The Court of Appeals held that the United States Supreme Court has declined to create a federal standard for evaluation of spectator conduct claims. In Carey v Musladin, 549 US 70 , the Supreme Court held that the effect on a defendant’s fair trial rights of spectator conduct is an open question in their jurisprudence. The Court reasoned that the test it had established in Estelle v Williams, 425 US 501  and Holbrook v Flynn, 475 US 560  for the effect of potentially prejudicial courtroom practices on defendant’s fair trial rights whether the practice presents an unacceptable risk of impermissible factors coming into play had been applied only to state-sponsored courtroom practices, Musladin, 549 US at 75-76. The Supreme Court observed that it had never applied the Williams and Flynn framework to spectator conduct. In other words, the Supreme Court left resolution spectator conduct issue to the state courts.

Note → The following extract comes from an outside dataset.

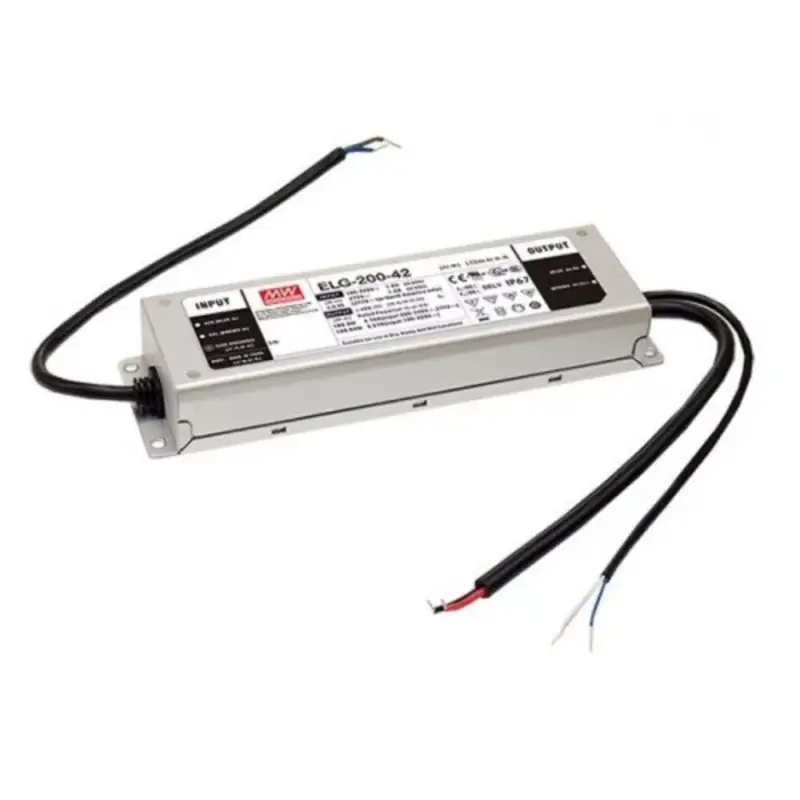 Csak ma LED tápegység , Mean Well , ELG-200-24A , 24 Volt , 200 Watt , IP65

Facts: Defendant’s conviction stems from the shooting of two roommates, Mark Maldonado and Leo Walton. Maldonado testified at trial that defendant was angry with him because after defendant and Maldonado had been arrested together for shoplifting, Maldonado was released on bail, but defendant remained in jail for several months. On March 20, 2008, defendant asked Maldonado if he could stay the night at Maldonados apartment and Maldonado agreed. When they arrived to the apartment, Maldonado’s roommate Walton was there. Approximately after 15 minutes when Maldonado went into his bedroom he heard three gunshots and Defendant kicked the bedroom door and shot Maldonado. Defendant than fled the apartment.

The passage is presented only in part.